The system didn’t work for him because he didn’t think like the system thinks. The system teaches us to learn things, in a certain way, for a certain goal, so that we can produce certain behaviors or outcomes and we can obtain a certain set of already agreed upon facts. Learning is prescribed and our measurement of learning is limited to what we think we want our children to do.
A parent asks, “How do I teach my child to behave in a classroom?” “How do I teach my child to respect authority and not act out?” “How do I teach my child to get along with other children?” “How can I teach my child to share?”
What we are really asking is “How do I get my child to memorize and follow the rules of engagement in specific and defined situations so that they don’t cause trouble?”
But memorizing behavioral standards or facts doesn’t lead to an inherent desire to behave a certain way.
“Stop learning and start thinking.”
What if, as parents, we adopted this as our goal?
I often hear the comparison between parenting and coaching.
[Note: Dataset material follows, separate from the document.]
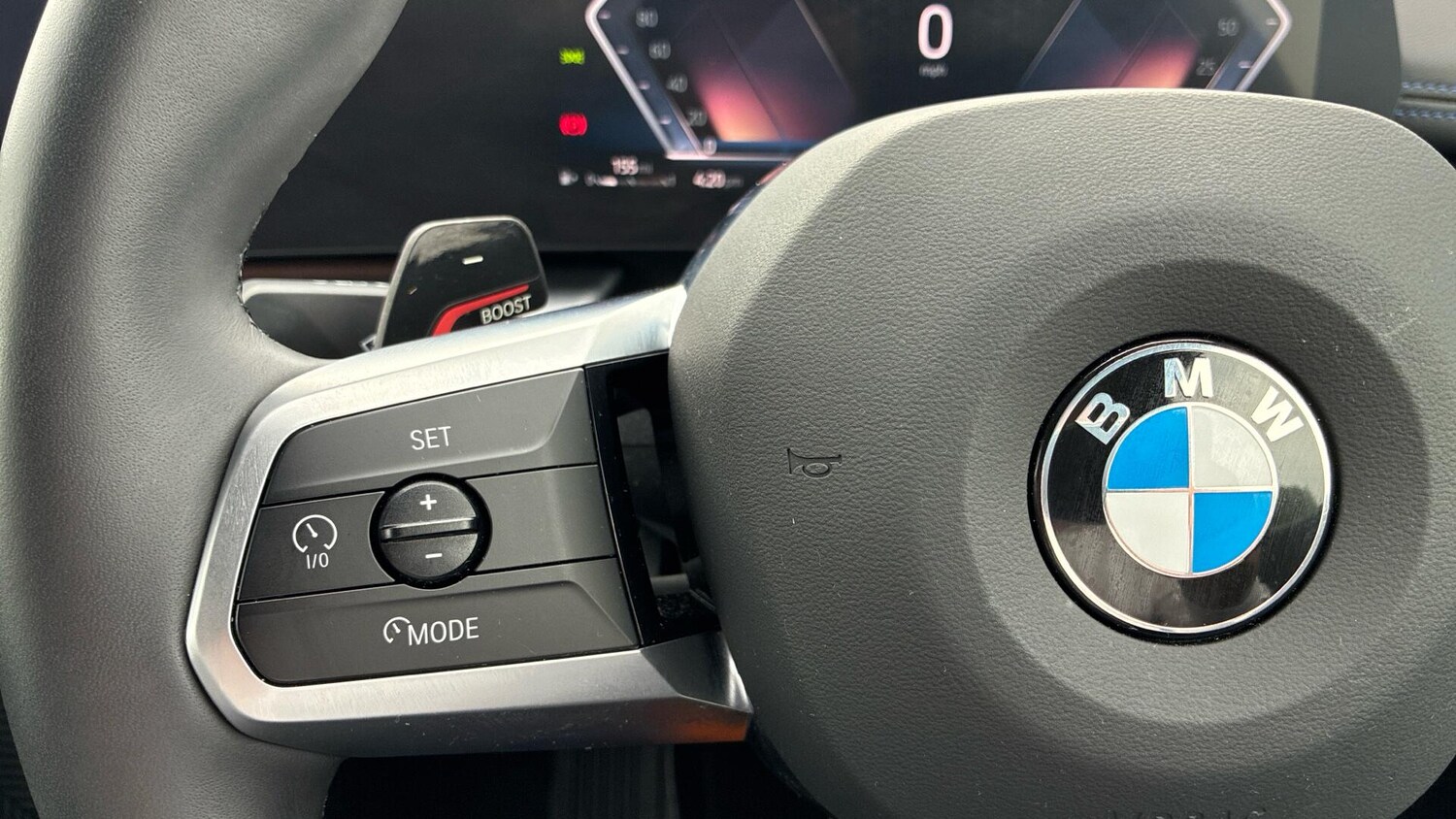 Used BMW X1 2025 for sale - 76760587: Photo 17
Coaching is clearly teaching. Last week I watched as a group of four-year-olds tried to play T-ball. The coach directed and guided and helped each kid get around the bases, hit the ball and catch the ball. And most of the kids had a half glazed, mostly confused look on their faces that said, “Sure, I can run to that base over there, but I have no idea why!” They were memorizing, or learning, the “rules” of the game, but they weren’t “thinking” about it.
Learning is finite. It is wrong and right. It is given to us by someone else. It is not ours to own.
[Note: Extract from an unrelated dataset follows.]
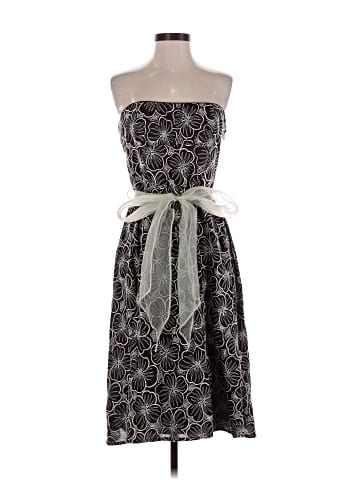 Liz Claiborne Cocktail Dress (view 1)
Jason Barnett is a genius. Maybe he doesn’t really need to “learn” anything. For most of us though, there is clearly a place for learning. But maybe most of us don’t get the opportunity to embrace “thinking” as much as we need to. And maybe if we can start with thinking, we can learn what we need to get where we want to go, rather than go where we can based on what we learn. There is a big difference.
So what would this look like, if we stopped focusing on learning and started focusing on thinking?
1) We would coach less, narrate more. Coaches tell us how to do something. Narrators help us see the picture of what is happening. Coaches say, “Give the toy to your brother.” Narrators say, “Oh, you grabbed the toy from your brother. You really wanted it. Now he is crying! I wonder how you can work it out?”
2) We would ask questions rather than give advice. “You’re having a hard time at school. What do you think you need?”
3) We would pause more. Why? Because pausing gives kids time to think. We have a horrible habit of giving kids way more than they need: more lectures, more reasons, more choices, more advice, more direction. Instead, connect (You’re sad). Pause. Ask (What do you think you need?). Pause. Connect (It’s hard, I know, I have faith in you). Pause. Wonder (I wonder if…). Pause. Repeat. Most importantly, stop. When they start figuring things out on their own, back off and let them learn to think!
Let’s be honest. Most of us will not discover a new type of physics. Most of us will never be able to use our names in the same sentence with Einstein and Newton. But, on the other hand, every baby discovers gravity. Every child tests and retests empathic responses and reciprocal relationship effects. Our brains are built to figure things out. Our hearts are yearning to do it. Sure, learning can lead to good achievement results. But thinking… that leads to, well, just about anything we could imagine.